A conferma della vantata correttezza della sua iniziale intuizione circa l’illegittimità della richiesta di arresto inoltrata dalla Corte penale internazionale, il ministro Nordio ha addotto l’ordinanza del 24 gennaio 2025, con la quale la stessa Corte penale internazionale ha corretto la sua iniziale richiesta, e l’opinione dissenziente manifestata da uno dei giudici della corte.

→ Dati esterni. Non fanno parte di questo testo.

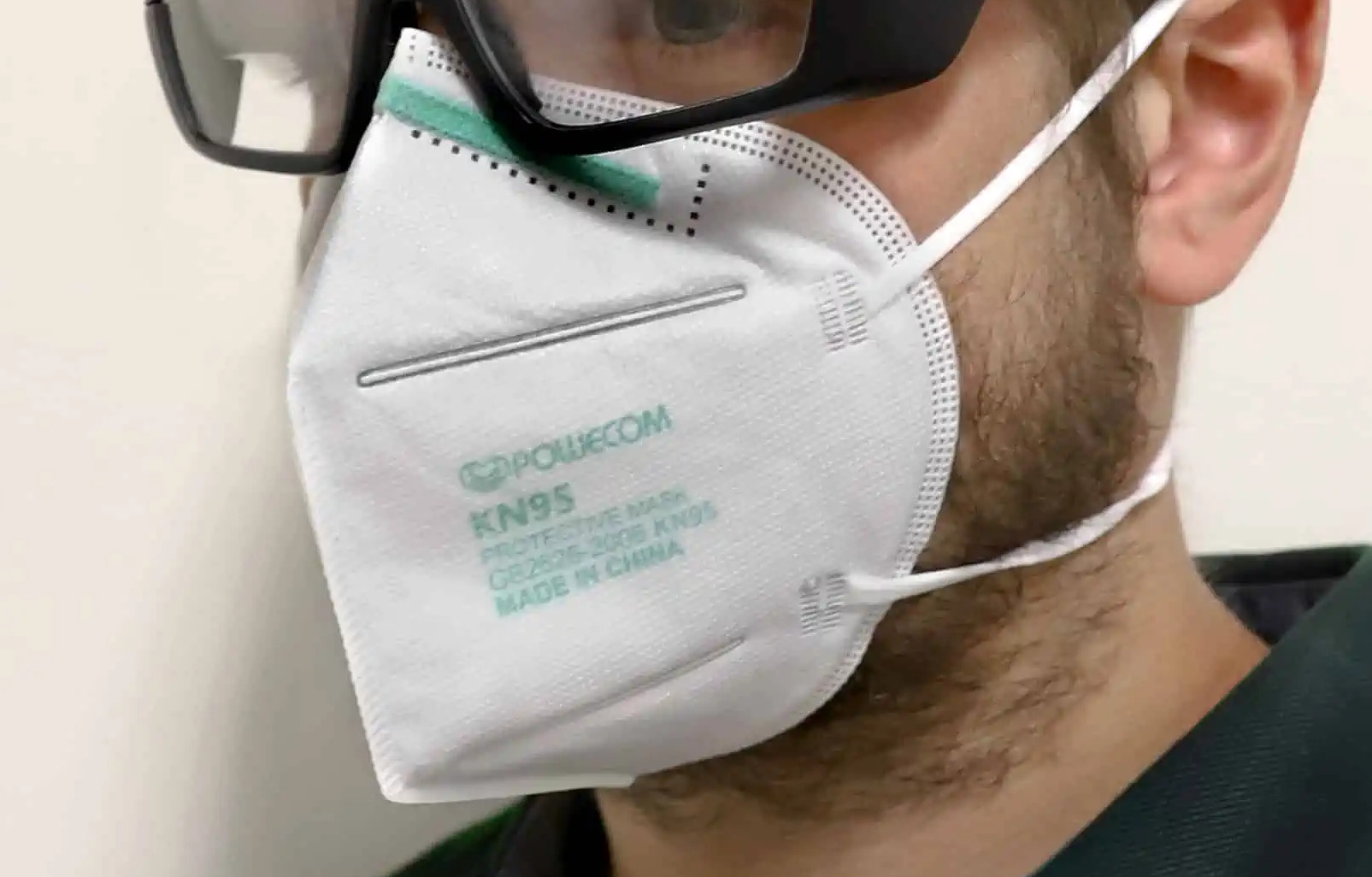 winter How to breathe cold air while in a warm sleeping pack? The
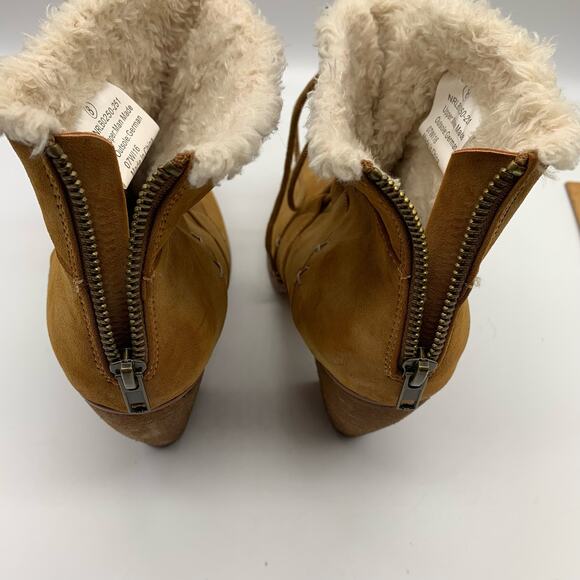 Not Rated Faux Fur Lined and Suede Brown Lace Front Zip Heel Boots Sz 8 - Picture 9 of 15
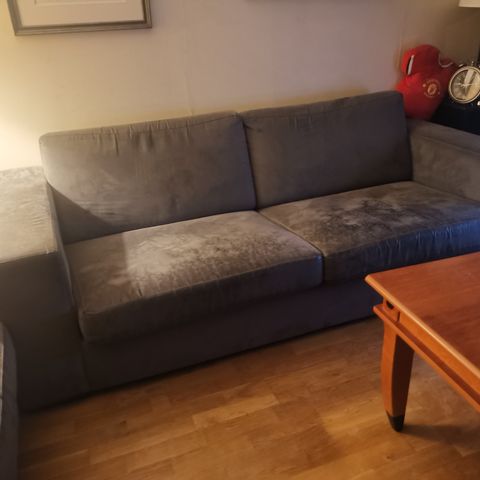 3 + 2 seter sofa med puff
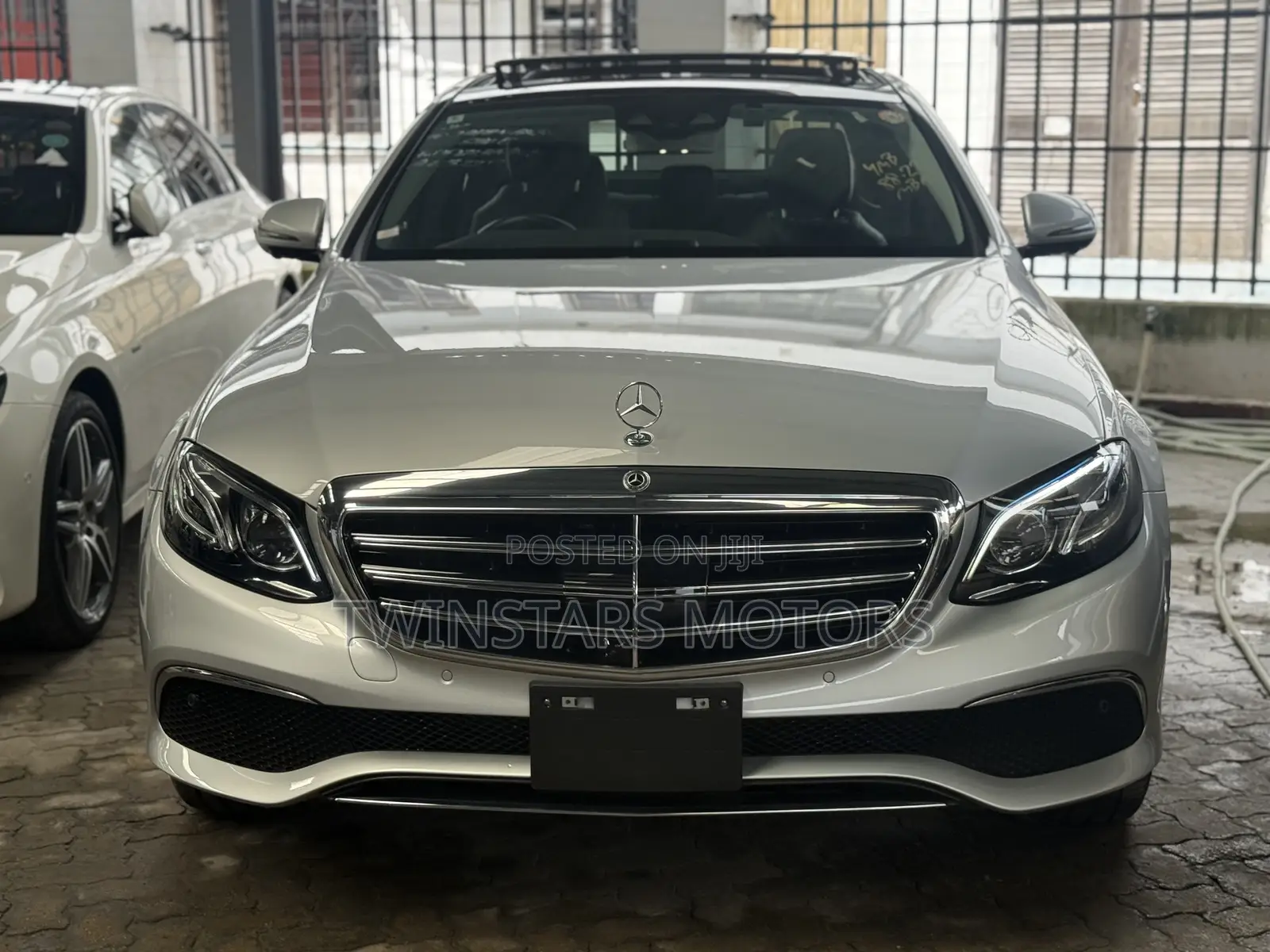 Mercedes-Benz E400 2018 Silver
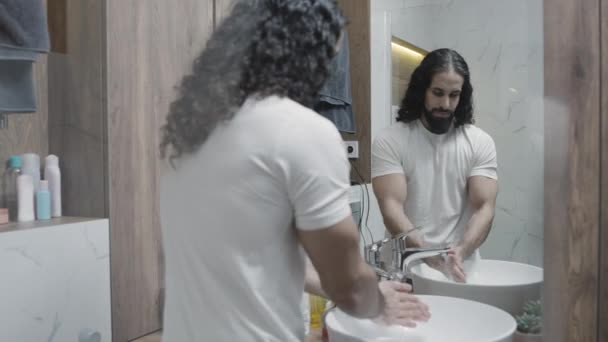 Homem Turco Muscular Lavando Mãos Com Sabão Líquido Banheiro Metrosexual — Vídeo de Stock
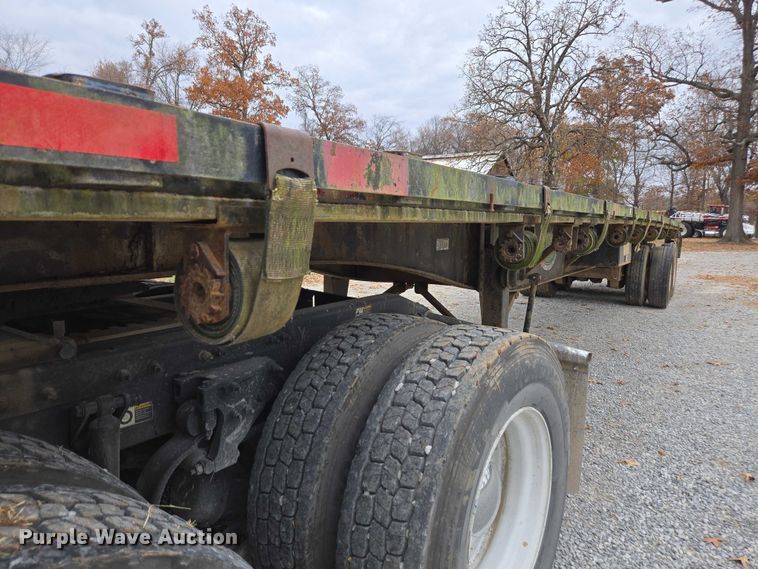 image for item DT4583 2003 Utility flatbed trailer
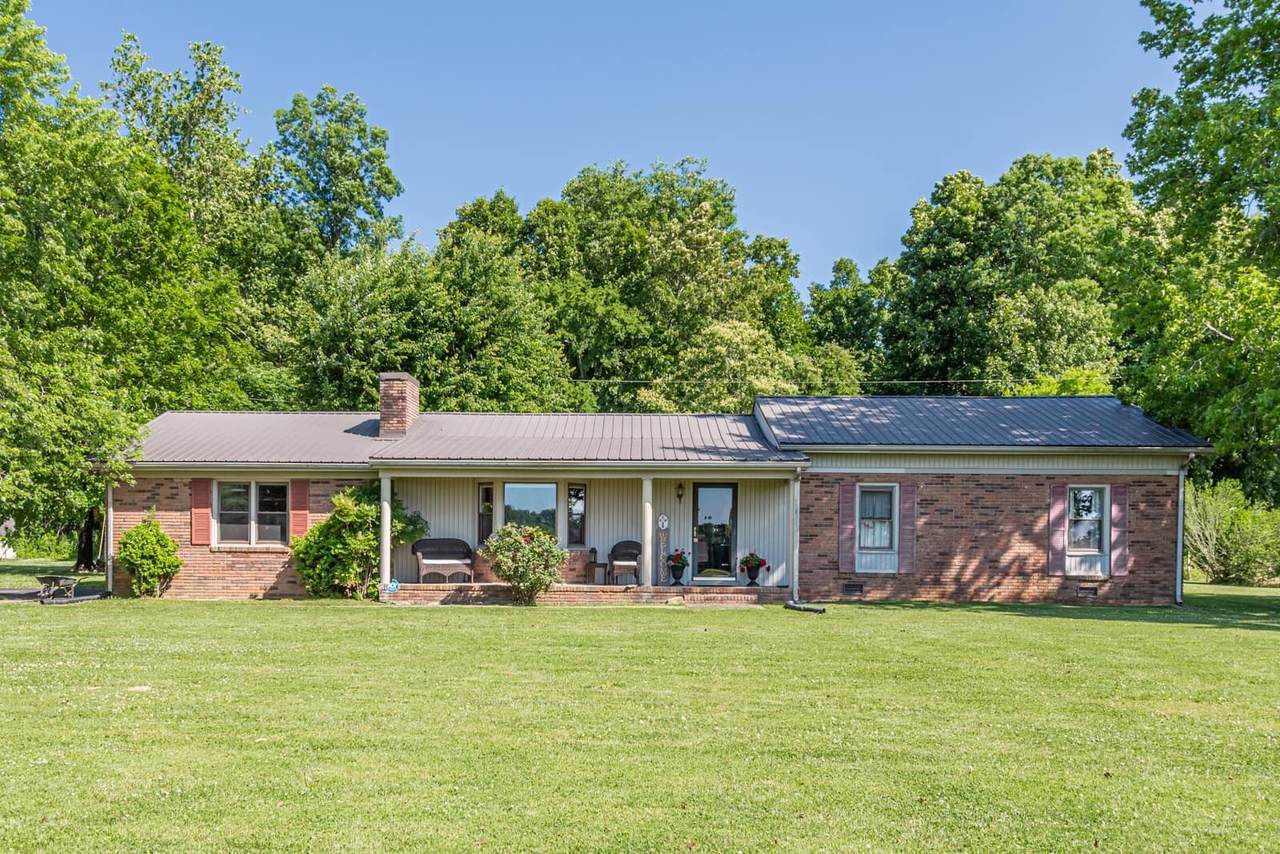 1735 Davis Ml Rd - Photo 1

Come risulta anche dalle  dichiarazioni del Ministro, nella richiesta di arresto la data dei reati addebitati ad Almasri veniva fatta risalire in alcuni passi della motivazione al 2011 in altri e nel dispositivo al 2015. Pertanto la corte aveva provveduto alla correzione di questo errore, considerato solo materiale. Il ministro Nordio sostiene che non di errore materiale si trattasse bensì di un vizio che rendeva la richiesta radicalmente nulla, senza considerare però la indiscussa giurisprudenza della nostra Corte di cassazione, che qualifica appunto come mero errore materiale l'inesattezza relativa alla data del commesso reato[1].

Quanto all’opinione dissenziente del terzo giudice, il ministro se ne avvale per sostenere l’invalidità della richiesta di arresto, ma senza spiegare perché le ragioni del dissenso debbano essere considerate fondate.

In realtà i due rilievi, erroneità della data dei reati e opinione dissenziente, il ministro non può addurli come ragioni del suo mancato intervento presso la Corte d’appello di Roma, perché la relativa documentazione è pervenuta solo dopo la scarcerazione di Almastri, ma li utilizza per dimostrare che quella sua inerzia fu comunque giustificata e non può quindi essere ricondotta al reato di omissione di atti d’ufficio per cui egli è stato iscritto nel registro di cui all’art. 335 c.p.p. dalla Procura della Repubblica di Roma.

L’opposizione ha sostenuto in Parlamento che il Ministro Nordio ha parlato come difensore di Almasri.  Non è così. Il Ministro ha inscenato una requisitoria contro la Corte penale internazionale, per dissimulare la realtà di un’autodifesa rispetto a quell’ipotesi di accusa della cui esistenza ha egli stesso informato il Parlamento.

 

 

 

[1] Cass., sez. II, 13 marzo 2014, Pagano , m. 260009.